My name is Mythily and I am a self confessed cribber. I love cribbing about work, unreasonable deadlines, annoying clients, having a boring routine, the heat, about Nemo being cranky in the mornings, about Memoll being too loving in the mornings, about my sister being away, about the geyser not working, about not having much to do in Bangalore, about how my parents aren’t around, how my friends stay in different places, that my new green dress is missing and I am sure the dhobhi stole it and so many other things. It feels good to crib and get sulky. There is some joy in making yourself miserable and feeling sorry for yourself. But then this morning I stumbled across the whistler.
I woke up early this morning and broke all norms of normalcy. Nemo and Memoll were shocked into silence that their mom woke up at 6 am. I could see the questions like “Are we dreaming?”, “Is she sick?”, and “Is the world coming to an end?” flit across their faces. So I tried telling them not to fear, it was only because I expected a client call that I was up so early. So I set up my laptop and waited for the call to come.
I walked over the balcony as I waited and looked down from my balcony. The sun light was flickering through the tree leaves and the morning buzz was different from the late morning buzz I normally hear. There was no blaring horns and vendors screaming out about their goods, and kids crying at being dragged to school and the neighbor telling her husband off for all the million mistakes he seems capable of making everyday. It wasn’t quiet, but at the same time it was too. And then I saw him; the whistler.
There is an unfortunate spot at the end of my street where the garbage is dumped and the lorry picks it up everyday. But it isn’t a well organized spot. It usually buzzed with flies and the stench of the garbage always wafted through the air. It looked grimy and smelt ripe of all the disgusting things people seem to be capable of producing to throw away. And on top of this pile of vile sat a little boy, about 8 or 9, whistling away as he picked out all the plastic; our very own desi recycler doing the work we could have made easier for him if we all took the effort to separate our garbage. No complaints about how people make work harder, or that they disregarded him, or that they found him as disgusting as the garbage, or that he had to smell of it everyday, or all the other worries I am sure he has in life. All he did was do his work, and do it with sheer joy and whistle while at it.

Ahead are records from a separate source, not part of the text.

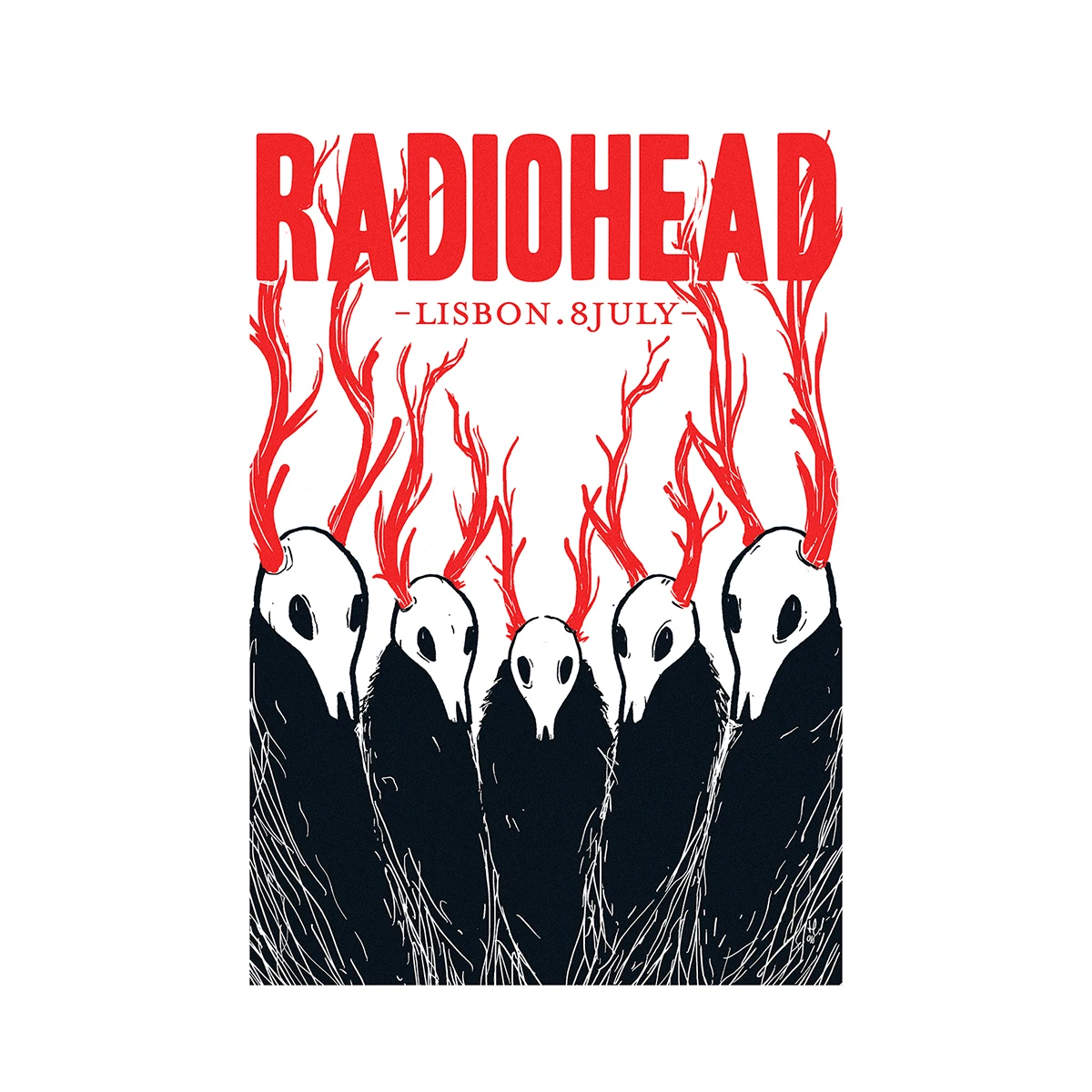 Scandinavian Classic Vintage Wall Art Rock Band Radiohead Music Canvas Paintings Posters & Prints Home Bedroom Living Room Decor image 3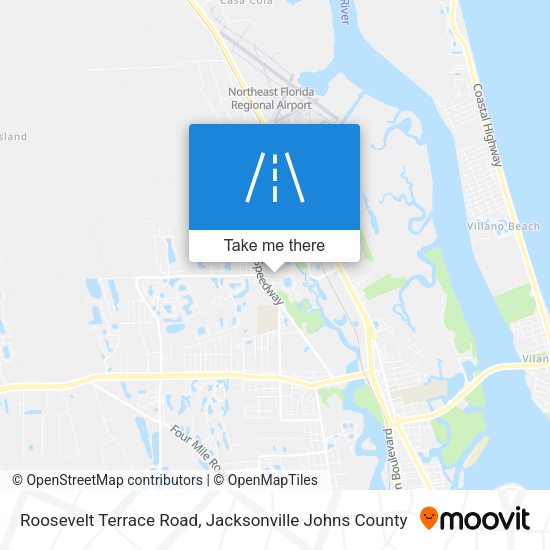 Mapa de Roosevelt Terrace Road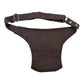 Schokobraune Herren Bauchtasche aus Baumwolle mit verstellbarem Hüftgurt – praktische Sidebag Madrid von Nijens. Rückseite.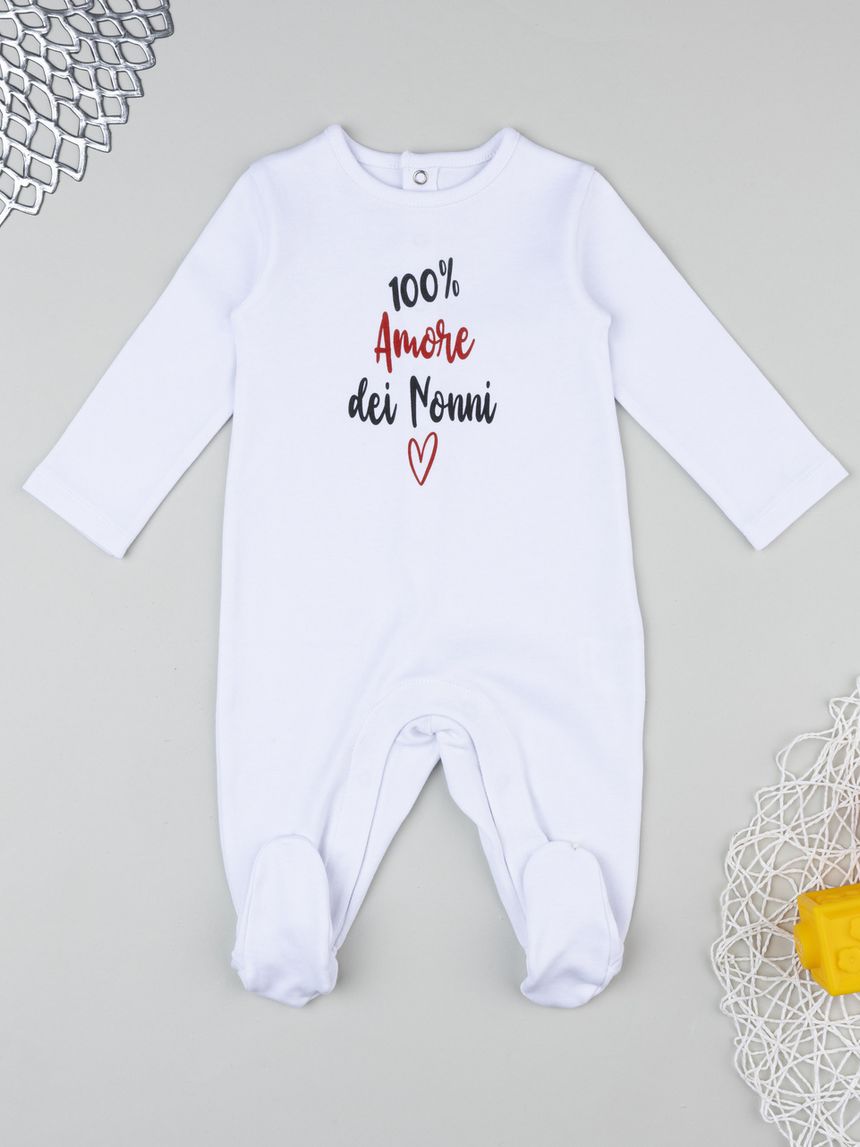 Tutina bimbo bianca stampa nonni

And I thought about my life; and everything fit and looked good. The heat I complained about was more warmth than heat, the clients and work was responsible for paying all my bills, Nemo and Memoll were free enough to show me emotions and let me show mine, my sister was getting a great education being away, the geyser not working made me appreciate the coolness of water on a hot day, Bangalore has given me friends and an easy life, I am closer to my friends coz now we make an effort to keep in touch since we are away from each other, that my parents are healthy and happy together, that if the green dress is missing I am lucky enough to afford another one , and that things were suddenly looking up for me and that I had a feeling that the road ahead was going to be a lot of fun. So here I am, whistling while I write. Pucker up people and whistle away too.